Vuelvo a la playa después de muchos años y descubro que todos los carteles están en ruso. Como imagino que a los esforzados hosteleros de la Costa Dorada no les sobra el tiempo para hacer tontadas con el asunto lingüístico - eso se lo dejan a los mandamases de la Generalitat - deduzco que esto se ha llenado de rusos en mi ausencia. Rodeado de guiris me convierto en uno más, y los camareros, que a estas alturas ya tienen el aire cansado de los que añoran que venga el otoño y se nos lleve a todos de una ventolera, me confunden con un próspero industrial moscovita, o con el dentista de moda en el barrio más pijo de San Petersburgo, que las chancletas son más eficaces para igualar a las personas que todas las políticas sociales juntas. En esos momentos saco mi acento almozareño más puro, y les demuestro que soy un compatriota y que no procede que me metan una estocada hasta la bola por el Kas, la cerveza y las chips algo pasadas que nos han servido. Que no soy dentista, aunque a mi madre le habría encantado.

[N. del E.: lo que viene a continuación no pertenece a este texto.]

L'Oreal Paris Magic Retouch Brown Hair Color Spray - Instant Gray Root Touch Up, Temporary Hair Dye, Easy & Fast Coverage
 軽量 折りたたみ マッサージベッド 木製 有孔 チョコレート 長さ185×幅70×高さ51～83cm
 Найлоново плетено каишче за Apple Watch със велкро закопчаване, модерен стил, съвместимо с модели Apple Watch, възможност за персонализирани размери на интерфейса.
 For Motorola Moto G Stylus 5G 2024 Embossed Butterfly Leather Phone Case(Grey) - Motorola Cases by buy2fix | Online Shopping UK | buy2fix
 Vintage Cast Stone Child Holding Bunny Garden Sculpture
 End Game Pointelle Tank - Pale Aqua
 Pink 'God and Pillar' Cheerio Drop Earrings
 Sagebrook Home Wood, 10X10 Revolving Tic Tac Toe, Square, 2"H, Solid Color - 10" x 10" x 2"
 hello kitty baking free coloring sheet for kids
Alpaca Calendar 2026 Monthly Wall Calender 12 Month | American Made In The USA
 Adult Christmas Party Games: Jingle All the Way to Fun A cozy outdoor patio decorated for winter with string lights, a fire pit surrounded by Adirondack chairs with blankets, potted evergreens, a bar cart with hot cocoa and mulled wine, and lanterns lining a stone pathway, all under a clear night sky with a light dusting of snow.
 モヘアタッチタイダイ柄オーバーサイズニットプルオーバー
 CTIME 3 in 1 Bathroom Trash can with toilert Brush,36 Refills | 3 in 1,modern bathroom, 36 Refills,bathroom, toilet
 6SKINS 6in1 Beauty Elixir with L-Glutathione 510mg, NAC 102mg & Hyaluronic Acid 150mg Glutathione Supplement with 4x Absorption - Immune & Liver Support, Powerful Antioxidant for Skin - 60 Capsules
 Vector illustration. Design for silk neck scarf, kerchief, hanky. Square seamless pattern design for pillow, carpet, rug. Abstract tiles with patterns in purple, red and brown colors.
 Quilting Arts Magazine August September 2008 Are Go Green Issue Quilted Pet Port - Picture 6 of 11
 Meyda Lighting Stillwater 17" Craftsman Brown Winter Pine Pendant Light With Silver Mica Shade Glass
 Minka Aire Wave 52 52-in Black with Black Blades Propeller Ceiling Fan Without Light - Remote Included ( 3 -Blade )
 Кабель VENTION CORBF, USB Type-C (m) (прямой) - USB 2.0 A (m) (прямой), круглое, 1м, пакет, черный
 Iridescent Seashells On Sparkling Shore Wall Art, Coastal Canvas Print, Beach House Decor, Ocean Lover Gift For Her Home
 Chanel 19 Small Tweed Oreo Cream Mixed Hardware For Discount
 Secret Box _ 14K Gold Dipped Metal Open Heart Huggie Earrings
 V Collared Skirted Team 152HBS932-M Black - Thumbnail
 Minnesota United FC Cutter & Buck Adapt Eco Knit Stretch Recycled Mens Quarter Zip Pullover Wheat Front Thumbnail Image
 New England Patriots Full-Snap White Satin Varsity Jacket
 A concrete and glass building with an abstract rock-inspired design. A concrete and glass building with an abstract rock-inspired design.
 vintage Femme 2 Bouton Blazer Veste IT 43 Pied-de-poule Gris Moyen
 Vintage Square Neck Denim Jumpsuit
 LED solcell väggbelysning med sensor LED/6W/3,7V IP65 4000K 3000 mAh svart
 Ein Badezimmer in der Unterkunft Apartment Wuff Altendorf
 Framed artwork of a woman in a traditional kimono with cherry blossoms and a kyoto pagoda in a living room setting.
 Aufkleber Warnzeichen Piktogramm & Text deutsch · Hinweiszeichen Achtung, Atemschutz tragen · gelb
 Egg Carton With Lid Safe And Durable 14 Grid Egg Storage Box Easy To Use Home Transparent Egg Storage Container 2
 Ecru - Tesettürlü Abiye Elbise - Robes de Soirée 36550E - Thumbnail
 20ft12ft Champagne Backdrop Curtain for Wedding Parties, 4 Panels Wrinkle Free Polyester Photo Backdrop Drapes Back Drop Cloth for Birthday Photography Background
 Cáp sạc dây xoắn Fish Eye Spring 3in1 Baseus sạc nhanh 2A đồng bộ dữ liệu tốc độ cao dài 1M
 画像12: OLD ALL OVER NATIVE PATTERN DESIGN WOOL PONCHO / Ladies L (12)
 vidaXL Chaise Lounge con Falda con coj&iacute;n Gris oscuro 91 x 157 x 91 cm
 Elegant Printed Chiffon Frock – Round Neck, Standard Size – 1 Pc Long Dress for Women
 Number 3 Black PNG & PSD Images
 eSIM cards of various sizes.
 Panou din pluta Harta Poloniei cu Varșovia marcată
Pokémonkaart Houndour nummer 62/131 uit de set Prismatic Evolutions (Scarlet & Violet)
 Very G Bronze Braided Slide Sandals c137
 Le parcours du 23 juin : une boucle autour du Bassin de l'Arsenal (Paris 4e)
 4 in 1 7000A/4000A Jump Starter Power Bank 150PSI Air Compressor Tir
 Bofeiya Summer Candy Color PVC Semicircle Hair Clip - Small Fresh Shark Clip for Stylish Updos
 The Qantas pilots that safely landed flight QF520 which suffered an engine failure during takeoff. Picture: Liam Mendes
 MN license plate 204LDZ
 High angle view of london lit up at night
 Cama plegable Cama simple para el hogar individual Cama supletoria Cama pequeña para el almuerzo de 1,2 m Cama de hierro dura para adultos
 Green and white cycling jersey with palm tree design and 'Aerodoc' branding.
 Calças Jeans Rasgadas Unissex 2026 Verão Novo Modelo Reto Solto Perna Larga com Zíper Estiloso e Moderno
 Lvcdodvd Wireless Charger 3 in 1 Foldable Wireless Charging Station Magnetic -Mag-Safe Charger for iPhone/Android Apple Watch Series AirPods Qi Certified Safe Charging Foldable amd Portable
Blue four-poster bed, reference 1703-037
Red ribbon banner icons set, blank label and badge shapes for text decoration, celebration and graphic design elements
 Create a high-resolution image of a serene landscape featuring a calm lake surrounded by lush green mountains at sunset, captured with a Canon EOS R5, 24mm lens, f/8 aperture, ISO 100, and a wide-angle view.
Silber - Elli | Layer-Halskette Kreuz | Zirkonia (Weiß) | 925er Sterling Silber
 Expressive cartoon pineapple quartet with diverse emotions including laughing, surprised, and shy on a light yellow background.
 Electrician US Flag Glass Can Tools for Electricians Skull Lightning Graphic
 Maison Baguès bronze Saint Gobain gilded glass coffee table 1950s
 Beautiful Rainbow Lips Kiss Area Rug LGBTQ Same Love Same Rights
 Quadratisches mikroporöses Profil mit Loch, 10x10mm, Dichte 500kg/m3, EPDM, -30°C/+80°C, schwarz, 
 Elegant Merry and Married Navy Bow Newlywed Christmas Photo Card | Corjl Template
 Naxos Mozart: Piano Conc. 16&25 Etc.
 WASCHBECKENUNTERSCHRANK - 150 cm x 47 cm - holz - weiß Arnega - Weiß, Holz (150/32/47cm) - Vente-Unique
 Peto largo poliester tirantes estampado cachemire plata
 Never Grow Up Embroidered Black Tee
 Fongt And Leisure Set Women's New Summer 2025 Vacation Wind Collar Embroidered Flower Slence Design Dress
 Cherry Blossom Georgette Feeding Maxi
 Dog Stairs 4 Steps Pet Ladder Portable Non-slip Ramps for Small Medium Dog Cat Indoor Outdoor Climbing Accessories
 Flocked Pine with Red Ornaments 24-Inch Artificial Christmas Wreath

En realidad, ser español y vacacionar en septiembre es señal de que no cortas el bacalao, de que nadie cuenta contigo para resolver las cuestiones pendientes "del nuevo curso", como ahora se dice; que el mundo puede funcionar sin ti de maravilla. Pues muy bien, no hay problema, he pillado la indirecta. Durante esta semana, voy a ser guiri. Hablaré a los camareros en inglés -con acento ruso- y cuando vea a Rajoy, a Sánchez o a Artur Mas por televisión me preguntaré quiénes son esos españoles tan raciales y simpáticos. Mientras cambio de canal a toda velocidad. Chico, qué relax. Por cierto, ¿qué tal le habrán quedado los braquets a la señora Stoseskya? Bueno, olvídate de eso ahora, ¿quieres? Estás de vacaciones y eres guiri. Disfruta mientras puedas.